There are certain ingredients that are necessary to make a literary universe that hangs together, that's both convincing and consistent enough that readers actually want to visit. The "technology,"whether it's science-based or magic-based, has to be consistent. The characters have to have a toolbox with both advantages and limitations the writer agrees to abide by, and they have to solve their problems without his suddenly dropping a brand-new tool into the box because he discovers he's painted himself into a corner. The people who live in it have to be believable, and they have to be characters the reader actually cares about. Readers don't have to like the characters (although it does help if they like at least some of them), but they do have to care about what happens to them. The social matrix has to be internally consistent, well thought out, and believable. Whether or not politics are centerstage in the novels set in a universe, the writer has to understand what the political subtext is and abide by it. And the writer has to remember that if he's writing about an entire world, it's probably at least a little bit bigger than Rhode Island. It might even be bigger than Texas. In either case, it's going to have variations of climate, terrain, people, flora, and fauna.

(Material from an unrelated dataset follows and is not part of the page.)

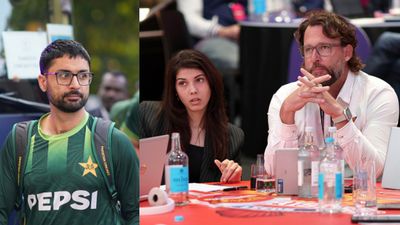 'Very pleased to get him...': Sunrisers Leeds breaks silence on picking Pakistan's Abrar Ahmed in Hundred auction Abrar Ahmed along with Kaviya Maran, Chief Executive of Sunrisers Leeds and Daniel Vettori, Head Coach of Sunrisers Leeds (Getty)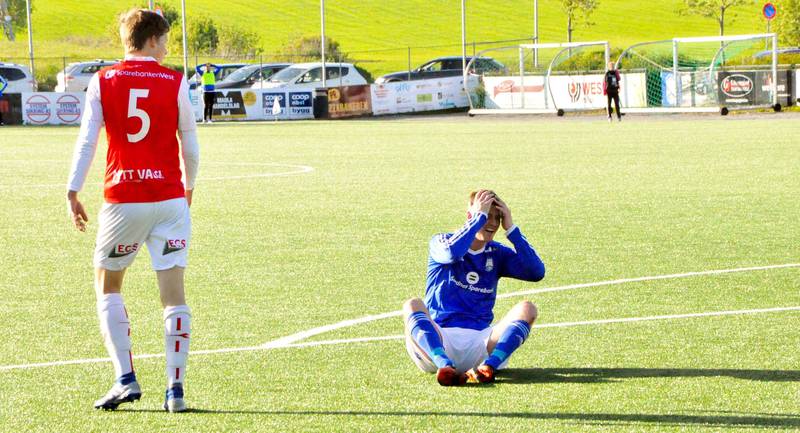 Thomas Leidland tar seg til hodet etter nok en misbrukt Madla-sjanse mot Bryne 2. FOTO: ESPEN IVERSEN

In a fantasy universe, the "tool box's" rules are less restrictive, but that doesn't absolve the writer of his responsibility to be consistent. The social and political design work still have to be done right, too, and, in some ways, the genre itself has traditionally been rather more limiting. There are expectations, especially in "swords-and-sorcery" fantasy. For example, if you put orcs (or their equivalent) into a fantasy novel, they're probably going to be the bad guys. Elves may be followers of the light or of the dark, but there are certain inherently "elvish" qualities we generally expect to find. Half-elves usually combine the best of both human and elf, and everyone knows the dwarves are greedy, grasping, avaricious sorts who usually end up with the short end of the stick, at least as far as anyone's actually liking or admiring them.

Please note that I said these are expectations. The best fantasy writers, I think, are those who can take those expectations and lead their readers somewhere else without losing them. Those are the ones I've always most enjoyed reading, at least. Mind you, I'm not talking about Tolkien here. Most of the expectations in modern English-language fantasy derive from his work in one way or another, and in my opinion the reason they do is that he did them so very, very well.

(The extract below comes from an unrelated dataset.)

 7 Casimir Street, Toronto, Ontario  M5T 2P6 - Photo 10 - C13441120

At any rate, one of the reasons I wanted to write the Bahzell books was to bend some of those expectations myself. For example, the hradani obviously fill the same "ecological niche" as Tolkien's orcs in some ways, but my hero is a hradani. In fact, we spend more time with his people than with anyone else. The gods are very involved, yet they aren't omniscient and they are ultimately dependent on the actions of mortals to accomplish their ends. The half-elves are the nasty, bigoted racists. The elves spend most of their time dreaming and generally avoiding contact with a world which has bruised and abused them once too often. And the dwarves run Norfressa's one true superpower. (Ha! Take that, silly elvish k-nig-it!) And I might as well go ahead and admit right now that I'm still not through bending.